▶ Extracted information:

-*-*-

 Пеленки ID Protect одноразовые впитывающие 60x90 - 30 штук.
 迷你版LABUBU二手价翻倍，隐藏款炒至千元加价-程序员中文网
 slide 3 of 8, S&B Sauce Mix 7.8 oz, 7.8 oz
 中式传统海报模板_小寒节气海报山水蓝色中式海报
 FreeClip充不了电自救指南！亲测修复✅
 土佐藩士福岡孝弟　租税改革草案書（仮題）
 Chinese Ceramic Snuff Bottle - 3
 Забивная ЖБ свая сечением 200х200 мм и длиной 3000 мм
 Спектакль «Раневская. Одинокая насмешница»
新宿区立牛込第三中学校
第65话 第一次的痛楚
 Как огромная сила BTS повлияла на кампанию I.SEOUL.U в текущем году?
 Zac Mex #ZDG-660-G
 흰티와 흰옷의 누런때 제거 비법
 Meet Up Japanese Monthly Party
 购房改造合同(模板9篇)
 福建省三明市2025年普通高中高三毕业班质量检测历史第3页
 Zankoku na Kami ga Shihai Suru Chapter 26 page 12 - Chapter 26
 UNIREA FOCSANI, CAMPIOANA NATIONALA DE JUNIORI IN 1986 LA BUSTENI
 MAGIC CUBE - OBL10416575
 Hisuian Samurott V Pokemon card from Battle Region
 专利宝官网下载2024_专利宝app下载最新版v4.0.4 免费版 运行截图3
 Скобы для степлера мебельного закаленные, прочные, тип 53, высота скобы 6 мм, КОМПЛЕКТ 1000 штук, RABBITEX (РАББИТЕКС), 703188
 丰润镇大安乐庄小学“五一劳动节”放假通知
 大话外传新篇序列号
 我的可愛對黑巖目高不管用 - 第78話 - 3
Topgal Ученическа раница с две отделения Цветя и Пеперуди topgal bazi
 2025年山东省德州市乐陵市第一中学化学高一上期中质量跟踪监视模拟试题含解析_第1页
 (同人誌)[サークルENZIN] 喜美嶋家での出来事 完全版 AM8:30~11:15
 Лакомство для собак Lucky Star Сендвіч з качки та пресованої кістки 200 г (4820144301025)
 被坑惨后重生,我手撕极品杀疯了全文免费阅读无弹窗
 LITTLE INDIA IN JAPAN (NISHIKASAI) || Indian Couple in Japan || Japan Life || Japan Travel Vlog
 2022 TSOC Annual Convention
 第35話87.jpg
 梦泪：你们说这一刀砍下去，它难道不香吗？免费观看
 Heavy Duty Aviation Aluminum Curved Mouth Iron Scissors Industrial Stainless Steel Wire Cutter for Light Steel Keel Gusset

-*-*-

▶ How to complete this task: Write out the whole listing exactly.

▶ Response to this exercise:
 Пеленки ID Protect одноразовые впитывающие 60x90 - 30 штук.
 迷你版LABUBU二手价翻倍，隐藏款炒至千元加价-程序员中文网
 slide 3 of 8, S&B Sauce Mix 7.8 oz, 7.8 oz
 中式传统海报模板_小寒节气海报山水蓝色中式海报
 FreeClip充不了电自救指南！亲测修复✅
 土佐藩士福岡孝弟　租税改革草案書（仮題）
 Chinese Ceramic Snuff Bottle - 3
 Забивная ЖБ свая сечением 200х200 мм и длиной 3000 мм
 Спектакль «Раневская. Одинокая насмешница»
新宿区立牛込第三中学校
第65话 第一次的痛楚
 Как огромная сила BTS повлияла на кампанию I.SEOUL.U в текущем году?
 Zac Mex #ZDG-660-G
 흰티와 흰옷의 누런때 제거 비법
 Meet Up Japanese Monthly Party
 购房改造合同(模板9篇)
 福建省三明市2025年普通高中高三毕业班质量检测历史第3页
 Zankoku na Kami ga Shihai Suru Chapter 26 page 12 - Chapter 26
 UNIREA FOCSANI, CAMPIOANA NATIONALA DE JUNIORI IN 1986 LA BUSTENI
 MAGIC CUBE - OBL10416575
 Hisuian Samurott V Pokemon card from Battle Region
 专利宝官网下载2024_专利宝app下载最新版v4.0.4 免费版 运行截图3
 Скобы для степлера мебельного закаленные, прочные, тип 53, высота скобы 6 мм, КОМПЛЕКТ 1000 штук, RABBITEX (РАББИТЕКС), 703188
 丰润镇大安乐庄小学“五一劳动节”放假通知
 大话外传新篇序列号
 我的可愛對黑巖目高不管用 - 第78話 - 3
Topgal Ученическа раница с две отделения Цветя и Пеперуди topgal bazi
 2025年山东省德州市乐陵市第一中学化学高一上期中质量跟踪监视模拟试题含解析_第1页
 (同人誌)[サークルENZIN] 喜美嶋家での出来事 完全版 AM8:30~11:15
 Лакомство для собак Lucky Star Сендвіч з качки та пресованої кістки 200 г (4820144301025)
 被坑惨后重生,我手撕极品杀疯了全文免费阅读无弹窗
 LITTLE INDIA IN JAPAN (NISHIKASAI) || Indian Couple in Japan || Japan Life || Japan Travel Vlog
 2022 TSOC Annual Convention
 第35話87.jpg
 梦泪：你们说这一刀砍下去，它难道不香吗？免费观看
 Heavy Duty Aviation Aluminum Curved Mouth Iron Scissors Industrial Stainless Steel Wire Cutter for Light Steel Keel Gusset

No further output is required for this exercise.